Bronchodilators – Bronchodilators are medications that relax the lung and chest muscles, allowing more air to reach the deeper portions of the lungs. In order to administer these medications, your vet may prescribe the use of an inhaler, or a nebulizer (a machine that converts the liquid medication into a mist that your dog inhales).
Injections – In extreme cases (such as during a severe asthma attack), your dog may need an epinephrine injection to immediately reduce swelling in the lungs. Don’t worry – your vet will ensure that you learn the proper method for administering this treatment.
Oxygen therapy – Asthma attacks cause a dog’s lungs to become deprived of oxygen; as an attack continues, the dog may become nervous, which only constricts the airways more. Oxygen treatment instantly supplies your best friend with a rich supply of this vital element, helping to ensure their safety.

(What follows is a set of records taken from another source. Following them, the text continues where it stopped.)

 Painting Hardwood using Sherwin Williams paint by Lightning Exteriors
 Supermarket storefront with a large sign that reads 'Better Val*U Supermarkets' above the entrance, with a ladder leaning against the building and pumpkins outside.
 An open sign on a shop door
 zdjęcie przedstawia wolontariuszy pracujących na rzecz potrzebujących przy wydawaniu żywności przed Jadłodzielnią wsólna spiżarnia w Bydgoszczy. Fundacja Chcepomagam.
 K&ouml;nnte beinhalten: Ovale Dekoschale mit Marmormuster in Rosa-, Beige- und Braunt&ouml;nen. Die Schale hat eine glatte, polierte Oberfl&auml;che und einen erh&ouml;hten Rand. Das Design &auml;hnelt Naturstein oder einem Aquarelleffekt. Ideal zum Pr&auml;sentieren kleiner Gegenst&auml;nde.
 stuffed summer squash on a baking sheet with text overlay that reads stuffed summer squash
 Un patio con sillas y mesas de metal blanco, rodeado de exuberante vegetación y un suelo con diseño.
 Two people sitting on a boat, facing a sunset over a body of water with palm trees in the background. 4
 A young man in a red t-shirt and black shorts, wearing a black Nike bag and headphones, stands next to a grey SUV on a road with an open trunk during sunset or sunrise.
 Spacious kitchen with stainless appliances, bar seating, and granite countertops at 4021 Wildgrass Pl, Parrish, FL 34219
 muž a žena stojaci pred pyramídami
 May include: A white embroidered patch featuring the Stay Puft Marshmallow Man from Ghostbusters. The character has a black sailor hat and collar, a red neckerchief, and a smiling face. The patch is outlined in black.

What’s the prognosis for asthmatic dogs?
Thanks to the abundance of treatment options available, most asthmatic dogs can live normal, happy lives, provided that their owners carefully follow their veterinarians’ management plans. Additionally, by taking steps to reduce asthma triggers – such as not smoking and dusting regularly – the frequency of asthma symptoms can be reduced even more.
There may be no cure for canine asthma, but there are plenty of ways to make sure that the condition doesn’t interfere with a dog’s rights to life, liberty and the pursuit of squirrels. Stay vigilant, be on the lookout for the warning signs outlined above, and notify your vet if you have any questions or concerns.